(Task details)
Exact retyping of the data: please keep every word and drop each picture.

(Web page caption snippets)
◇ ◇ ◇ ◇
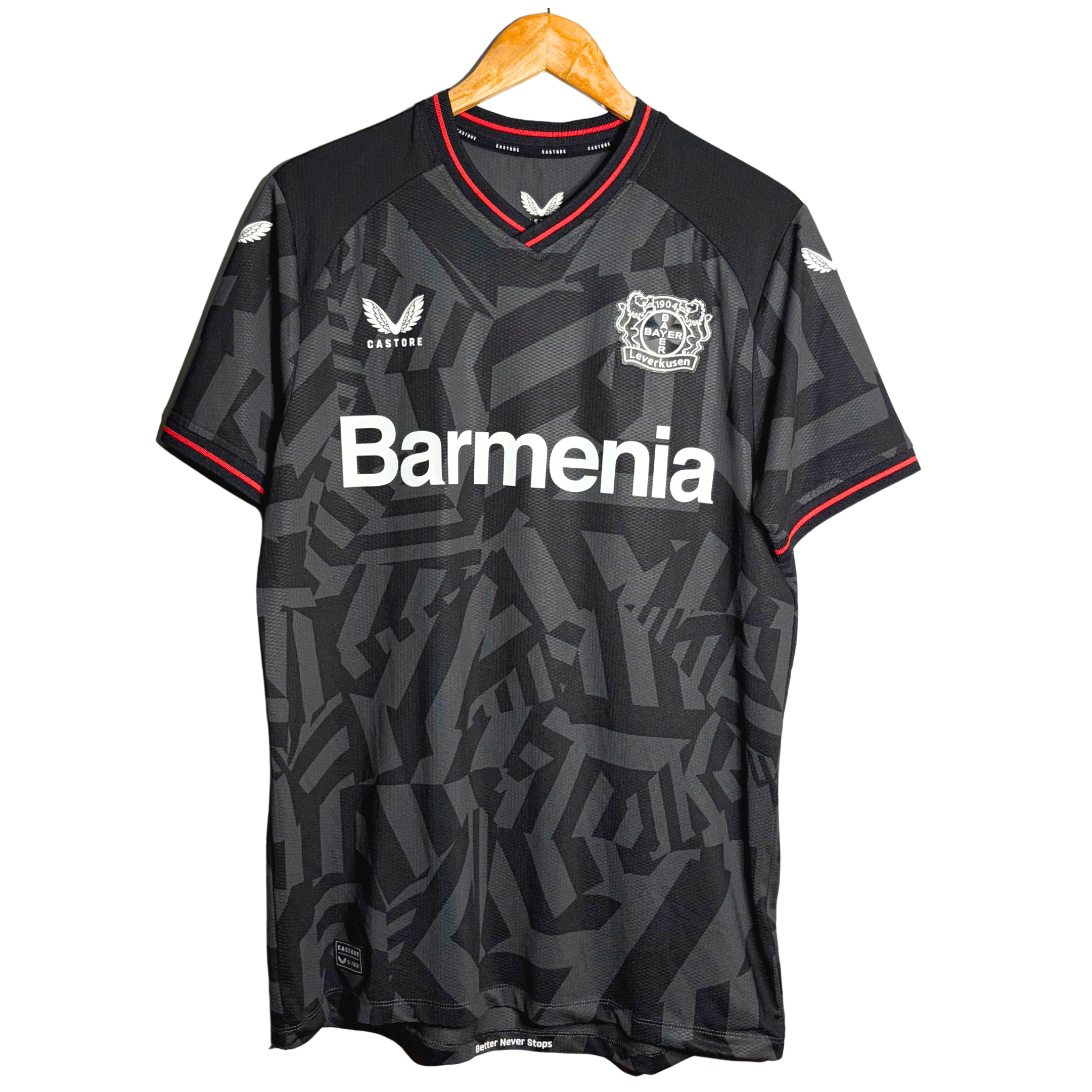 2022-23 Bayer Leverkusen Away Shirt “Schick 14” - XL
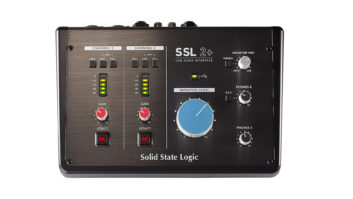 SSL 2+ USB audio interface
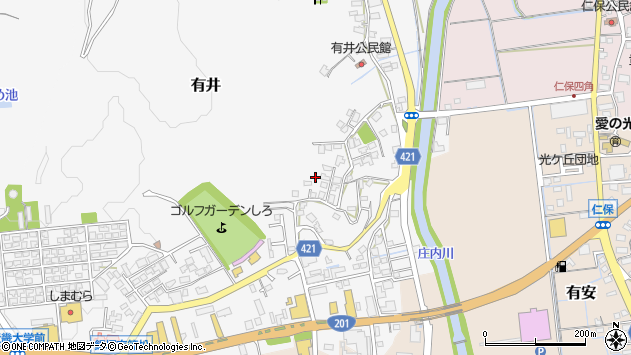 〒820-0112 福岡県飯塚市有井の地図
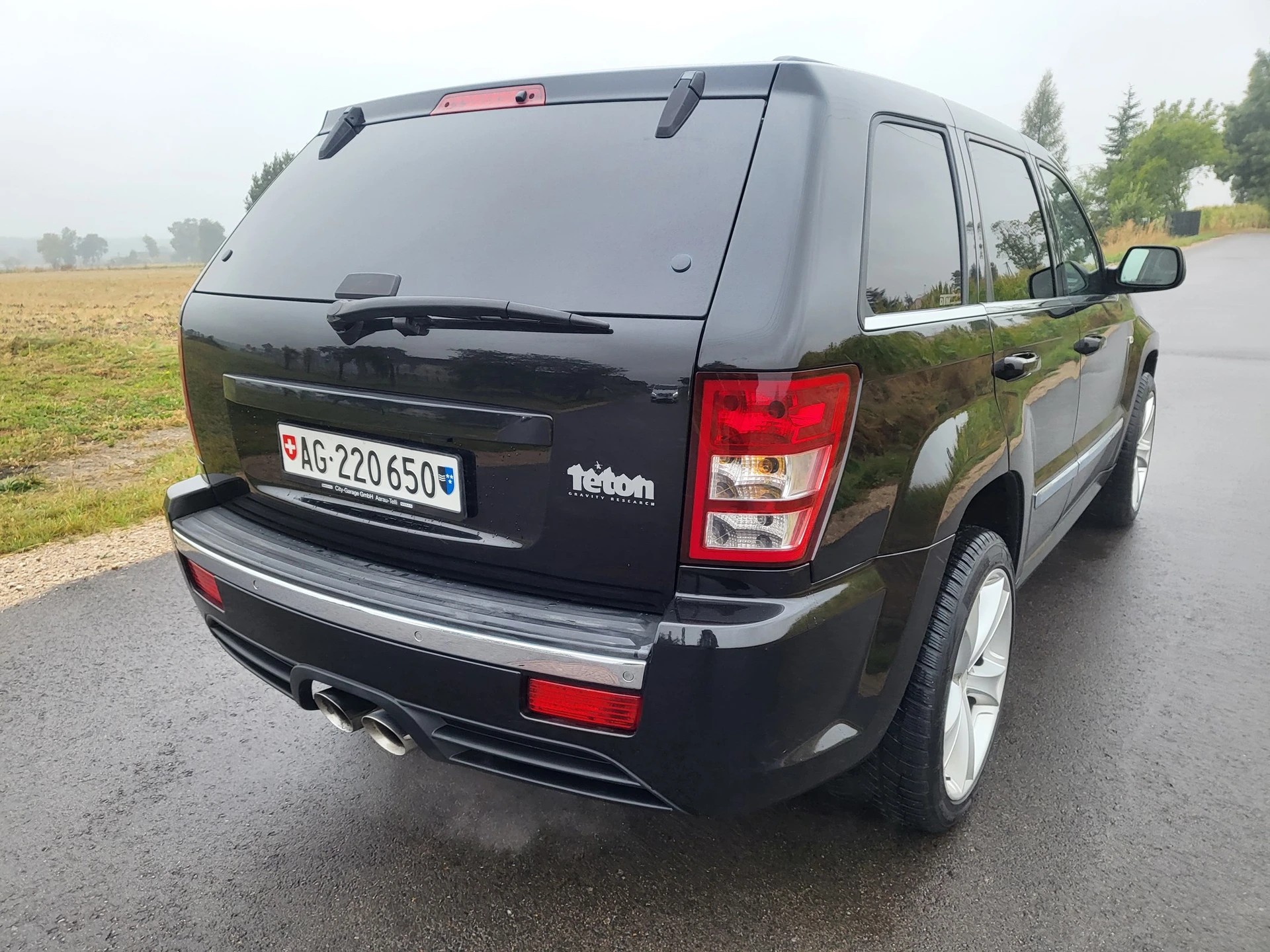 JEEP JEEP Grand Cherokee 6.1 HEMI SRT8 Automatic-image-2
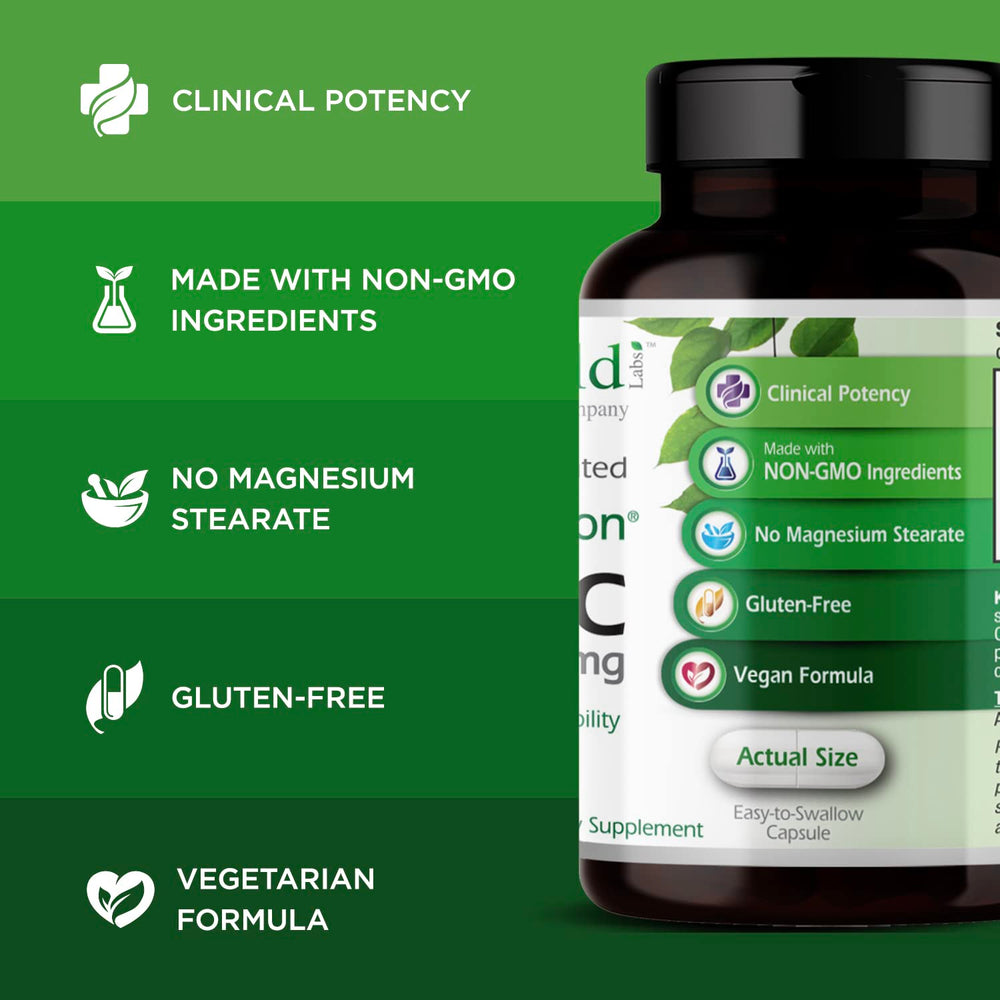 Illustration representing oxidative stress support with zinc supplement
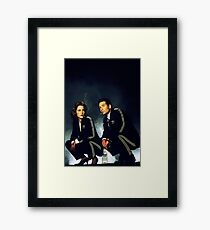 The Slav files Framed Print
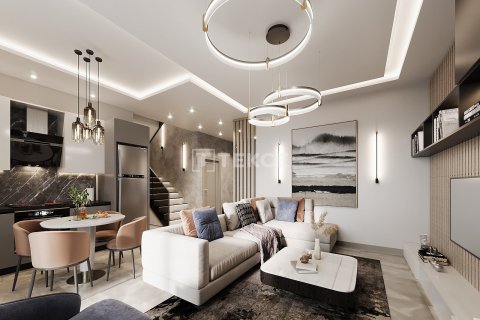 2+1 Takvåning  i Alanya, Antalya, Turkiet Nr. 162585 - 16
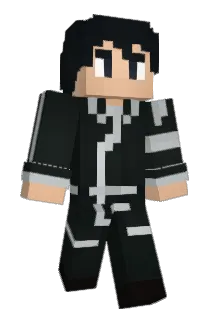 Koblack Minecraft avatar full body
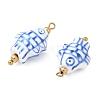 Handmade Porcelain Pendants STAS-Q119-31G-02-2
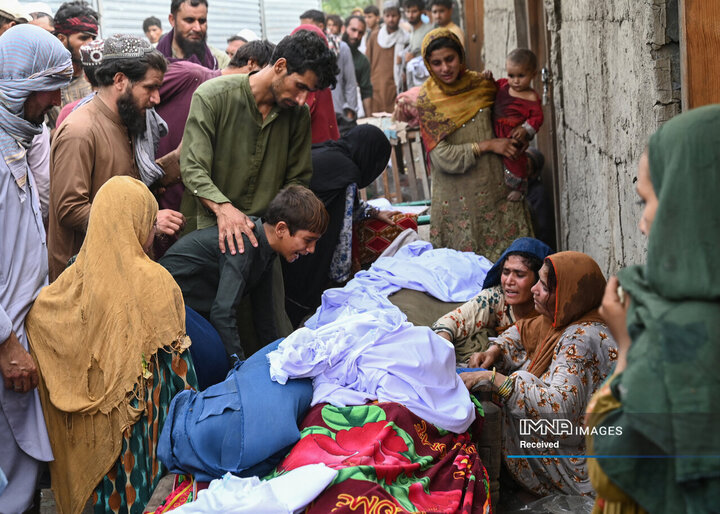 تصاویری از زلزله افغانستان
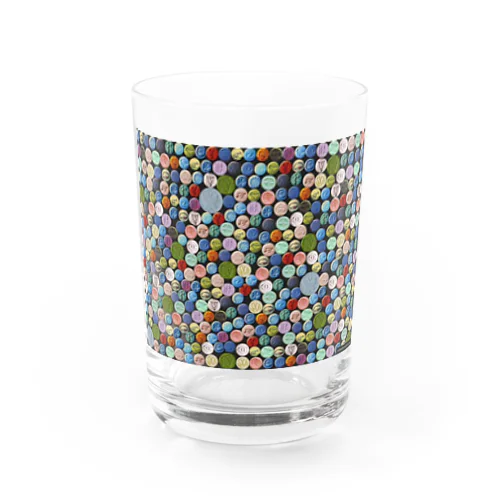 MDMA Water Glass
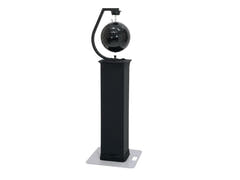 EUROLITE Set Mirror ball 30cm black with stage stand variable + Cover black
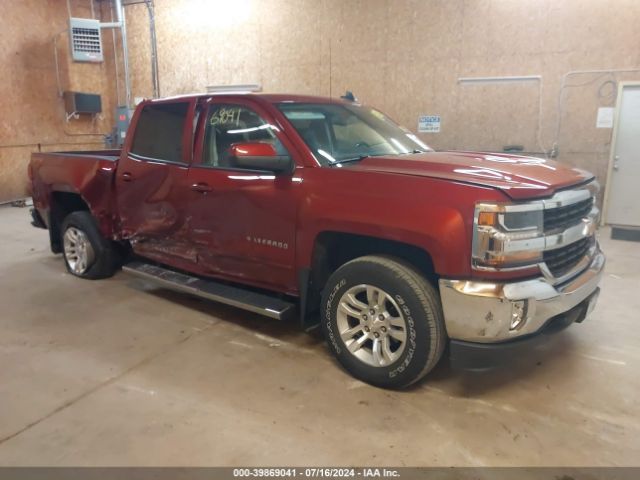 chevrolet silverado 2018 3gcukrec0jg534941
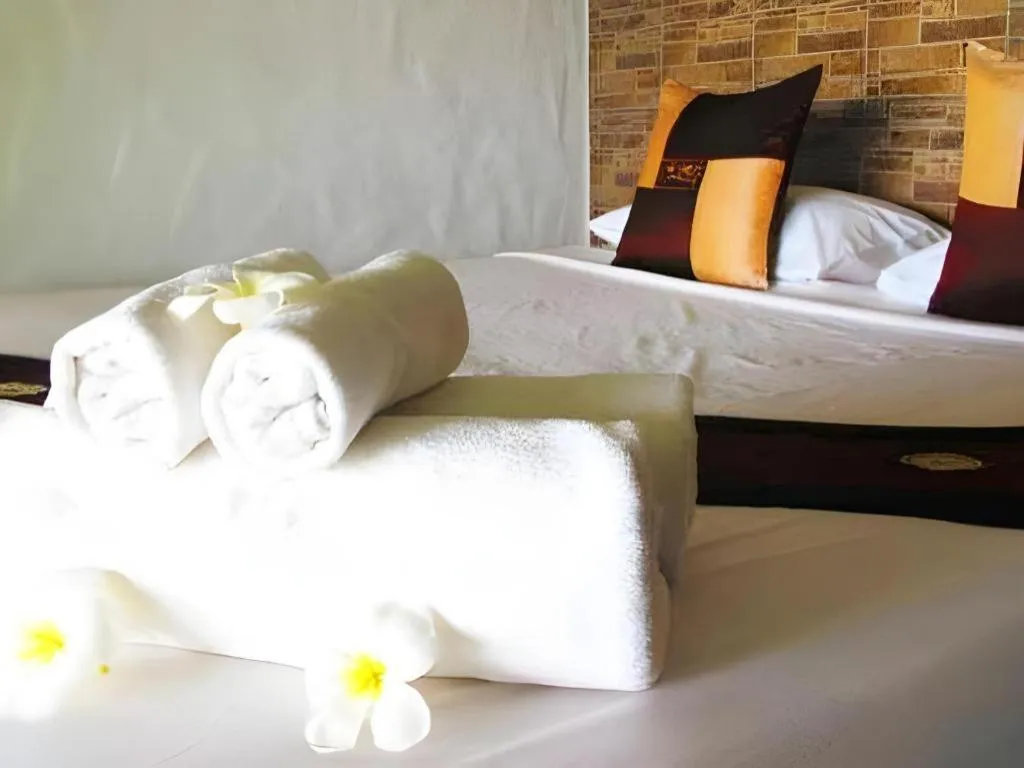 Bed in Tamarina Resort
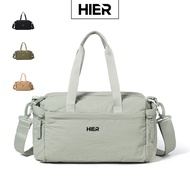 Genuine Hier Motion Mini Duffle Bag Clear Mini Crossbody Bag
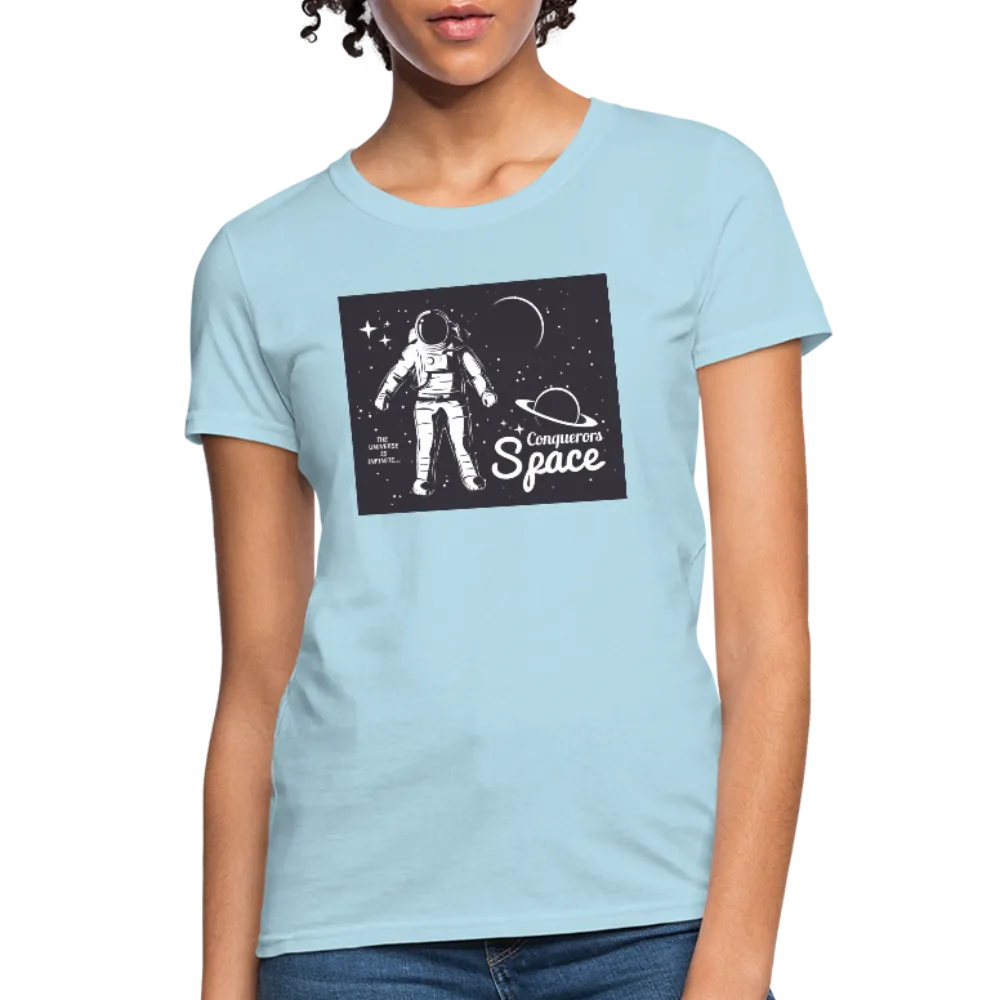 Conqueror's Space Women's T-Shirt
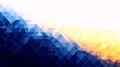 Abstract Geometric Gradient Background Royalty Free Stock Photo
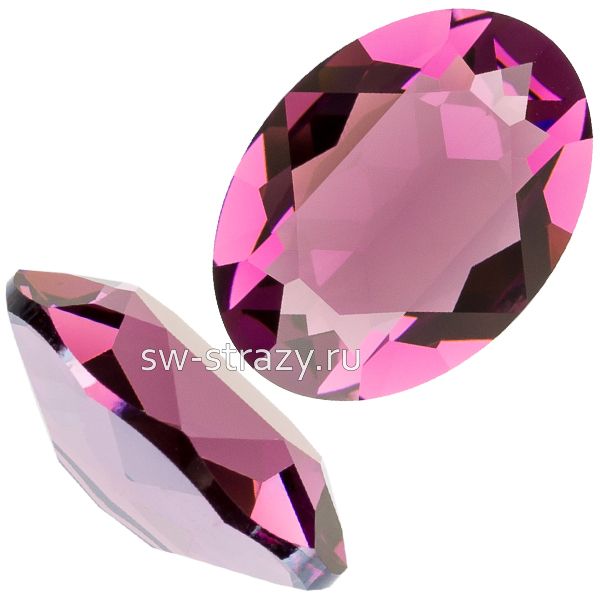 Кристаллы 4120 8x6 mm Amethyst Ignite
◇ ◇ ◇ ◇
(Task output)
 2022-23 Bayer Leverkusen Away Shirt “Schick 14” - XL
 SSL 2+ USB audio interface
 〒820-0112 福岡県飯塚市有井の地図
 JEEP JEEP Grand Cherokee 6.1 HEMI SRT8 Automatic-image-2
 Illustration representing oxidative stress support with zinc supplement
 The Slav files Framed Print
 2+1 Takvåning  i Alanya, Antalya, Turkiet Nr. 162585 - 16
 Koblack Minecraft avatar full body
 Handmade Porcelain Pendants STAS-Q119-31G-02-2
 تصاویری از زلزله افغانستان
 MDMA Water Glass
 EUROLITE Set Mirror ball 30cm black with stage stand variable + Cover black
 chevrolet silverado 2018 3gcukrec0jg534941
 Bed in Tamarina Resort
 Genuine Hier Motion Mini Duffle Bag Clear Mini Crossbody Bag
 Conqueror's Space Women's T-Shirt
 Abstract Geometric Gradient Background Royalty Free Stock Photo
 Кристаллы 4120 8x6 mm Amethyst Ignite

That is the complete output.